WORK ITEM: Exactly the lines below from the line with "DIY耳環初學者材料包 夏日文青 初學者材料包 - 金工/飾品 - 寶石" through the line with "Duomo di Monza" must make up the answer, both ends included and pictures left out.

::: WORKING DATA :::

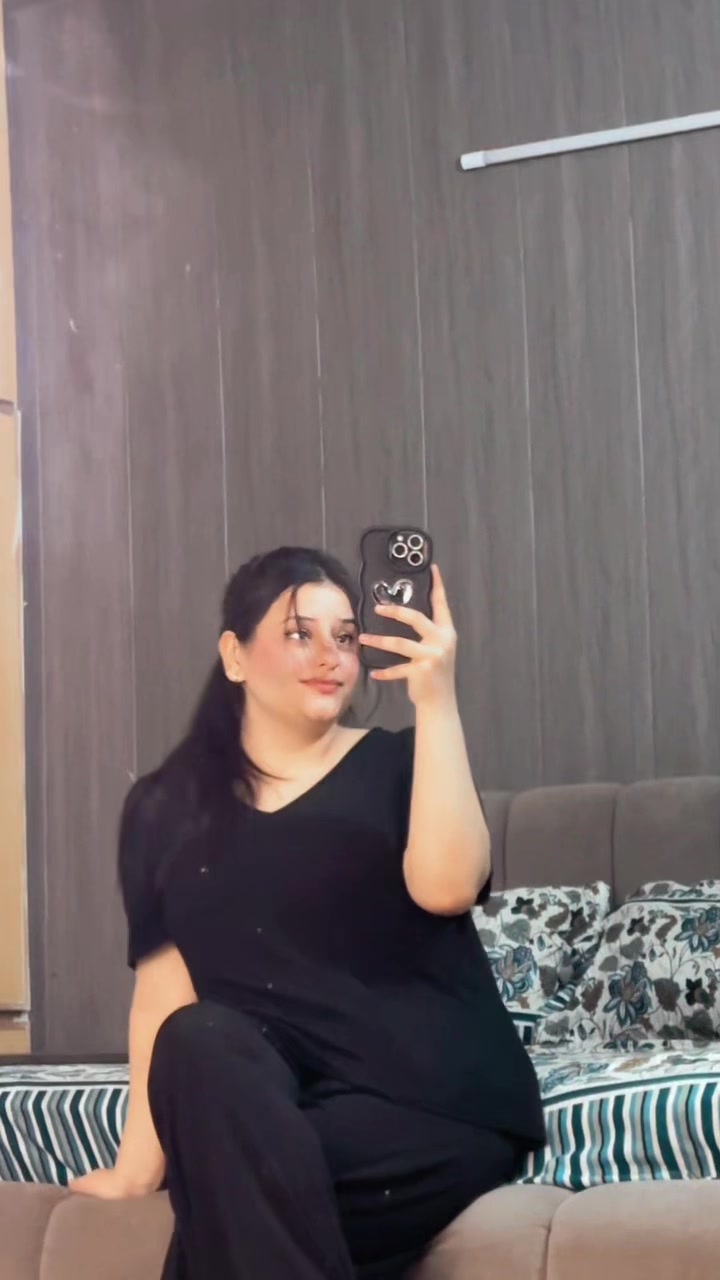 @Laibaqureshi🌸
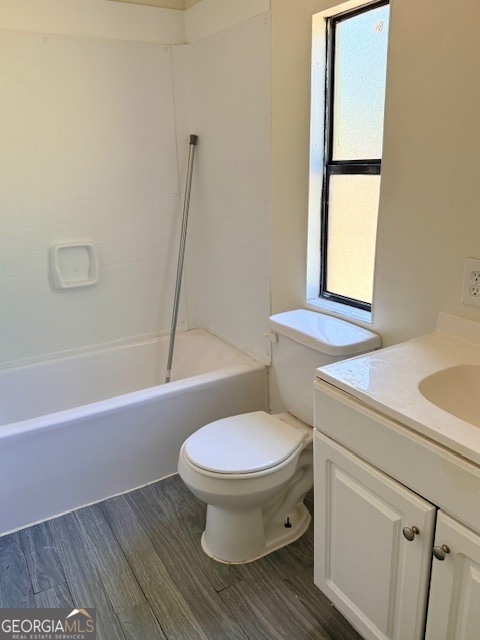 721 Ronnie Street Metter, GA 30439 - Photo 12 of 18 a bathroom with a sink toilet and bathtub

:::
::: WORKING DATA :::

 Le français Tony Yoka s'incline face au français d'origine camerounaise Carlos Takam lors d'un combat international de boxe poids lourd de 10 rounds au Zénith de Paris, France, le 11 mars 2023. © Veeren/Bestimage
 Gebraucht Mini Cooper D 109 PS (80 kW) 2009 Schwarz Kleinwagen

:::
::: WORKING DATA :::

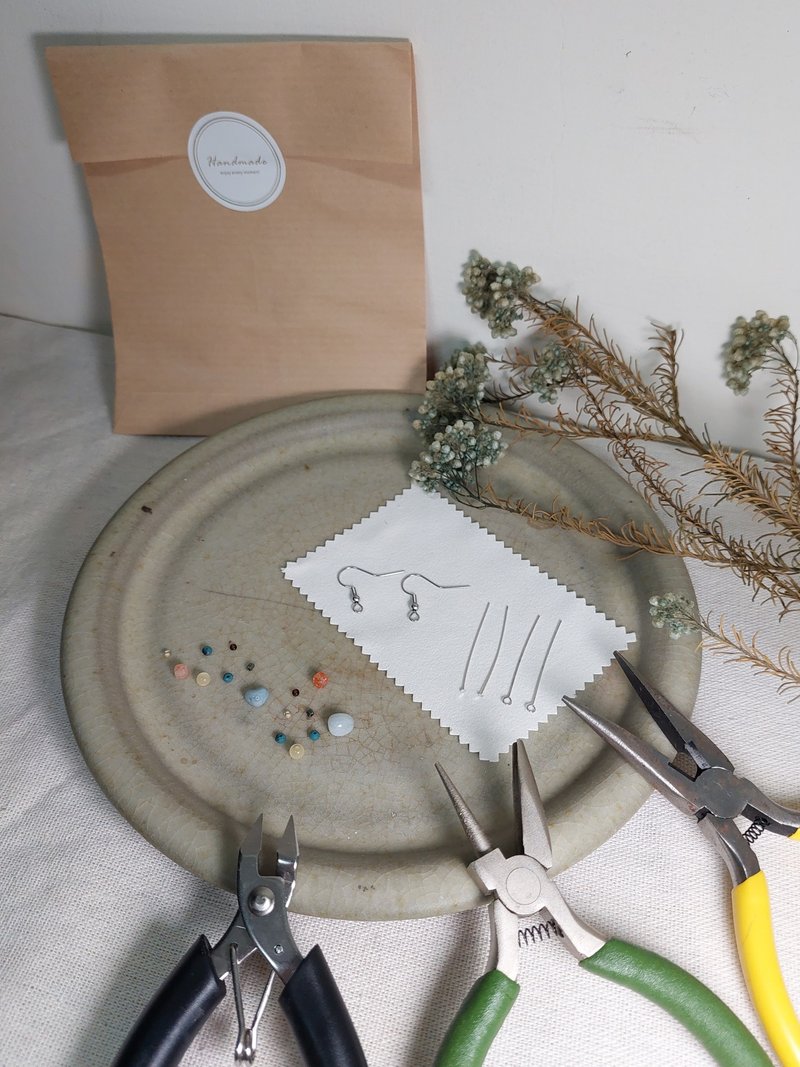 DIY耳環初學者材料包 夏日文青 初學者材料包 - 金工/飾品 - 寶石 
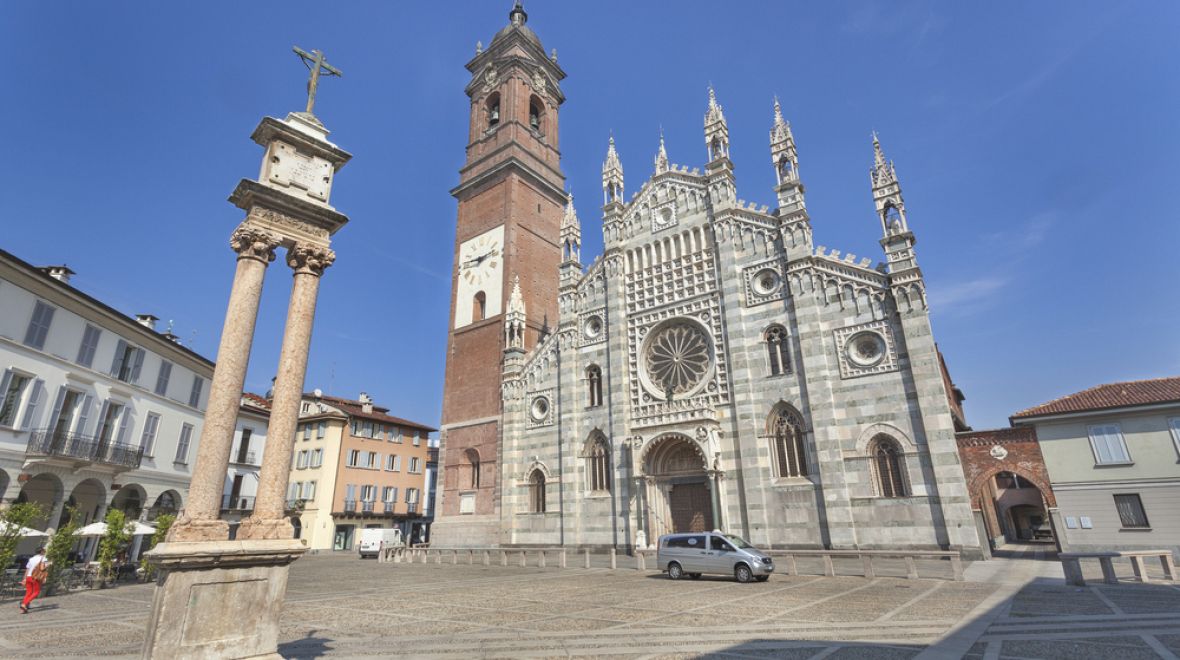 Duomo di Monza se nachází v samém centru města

:::

ANSWER SECTION:
 DIY耳環初學者材料包 夏日文青 初學者材料包 - 金工/飾品 - 寶石 
 Duomo di Monza se nachází v samém centru města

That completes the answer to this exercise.